### EXERCISE DETAILS
Extract each line of the material that follows exactly and omit its pictures.

### DATA SEGMENT
=== Begin Enclosure ===
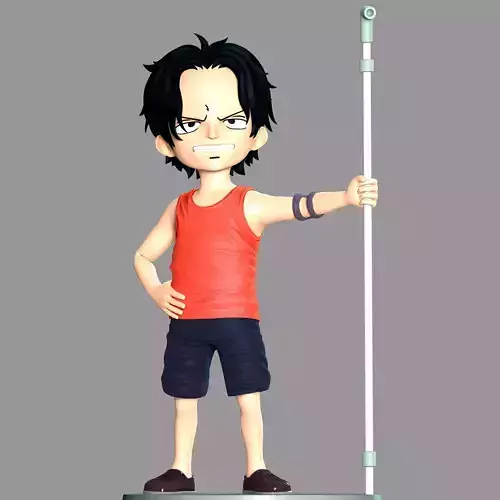 One Piece - Kid Ace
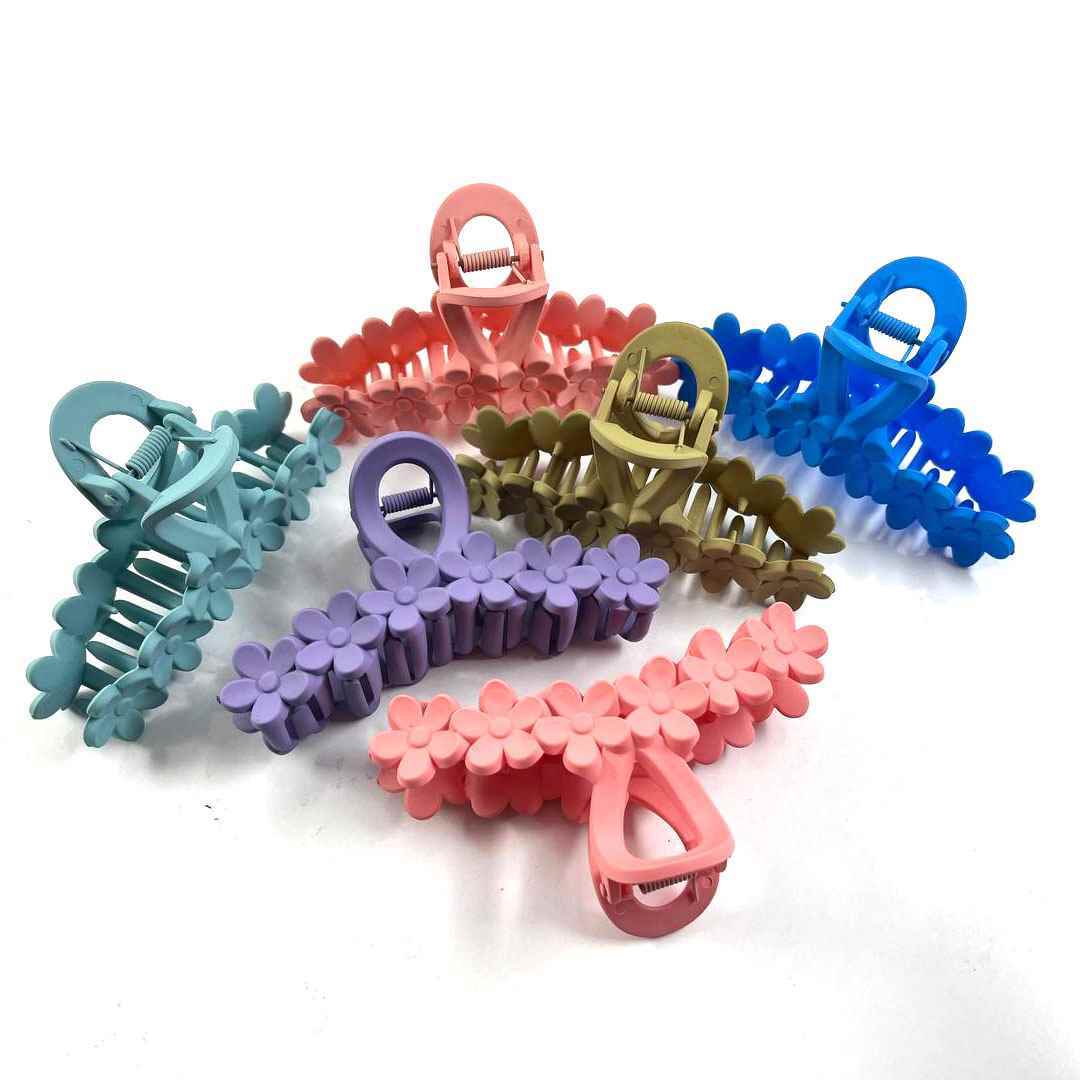 کلیپس طرحدار گل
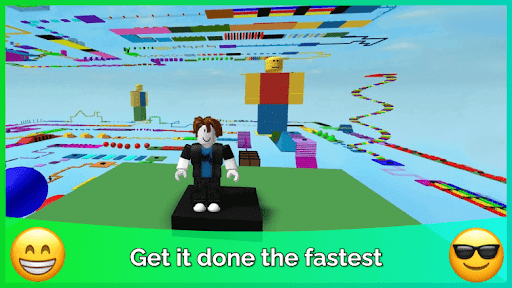 parkour in roblox Screen 3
=== End Enclosure ===
### EXERCISE RESULT
 One Piece - Kid Ace
 کلیپس طرحدار گل
 parkour in roblox Screen 3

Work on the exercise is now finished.